▸ **INSTRUCTIONS TO FOLLOW**: Only the text of the records belongs in the answer, copied exactly, with every picture omitted.

▸ **SUPPLIED MATERIAL**:
┌──

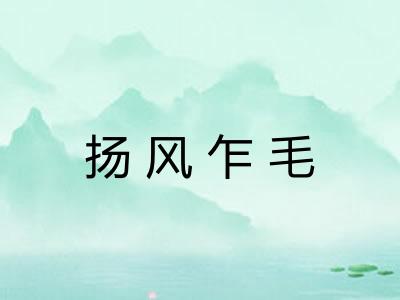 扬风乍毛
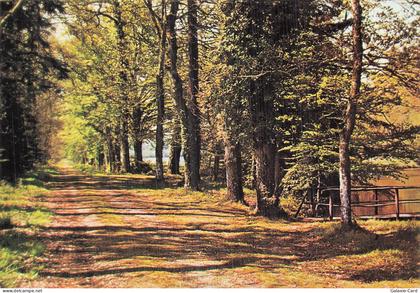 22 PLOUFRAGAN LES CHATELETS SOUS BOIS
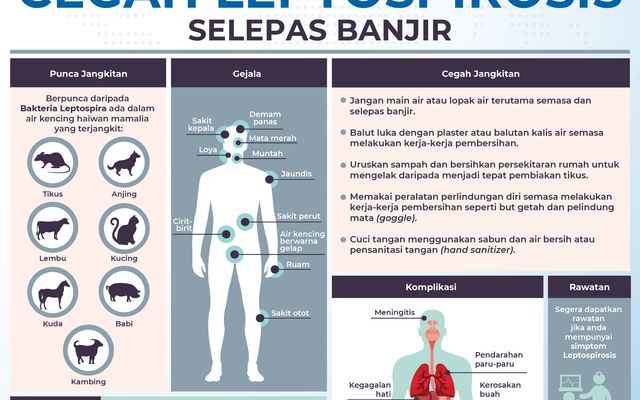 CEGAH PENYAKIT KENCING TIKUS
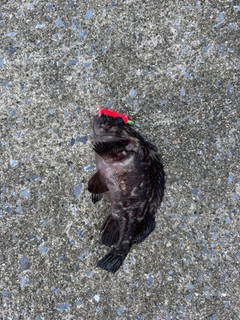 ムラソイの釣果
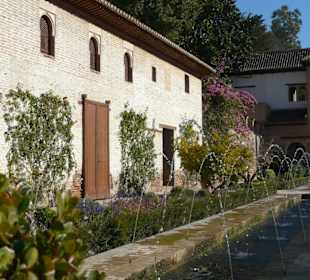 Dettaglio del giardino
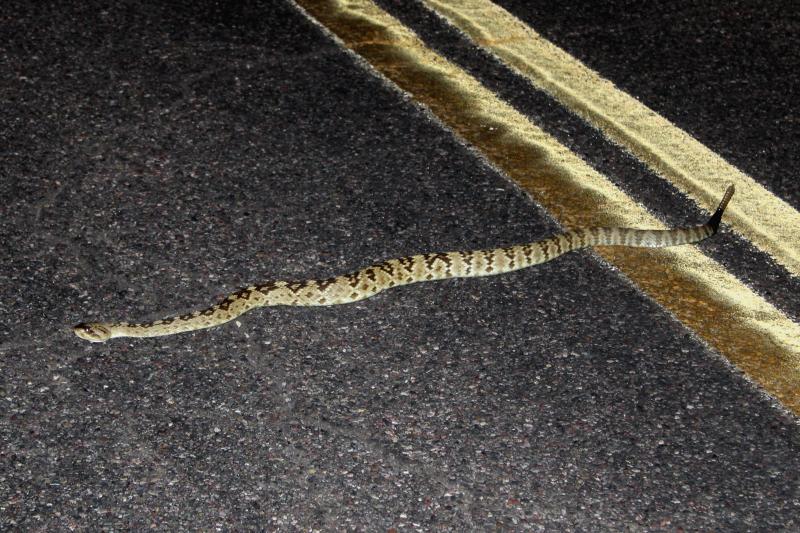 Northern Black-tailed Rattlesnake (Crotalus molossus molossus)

└──

▸ **EXERCISE ANSWER**:
 扬风乍毛
 22 PLOUFRAGAN LES CHATELETS SOUS BOIS
 CEGAH PENYAKIT KENCING TIKUS
 ムラソイの釣果
 Dettaglio del giardino
 Northern Black-tailed Rattlesnake (Crotalus molossus molossus)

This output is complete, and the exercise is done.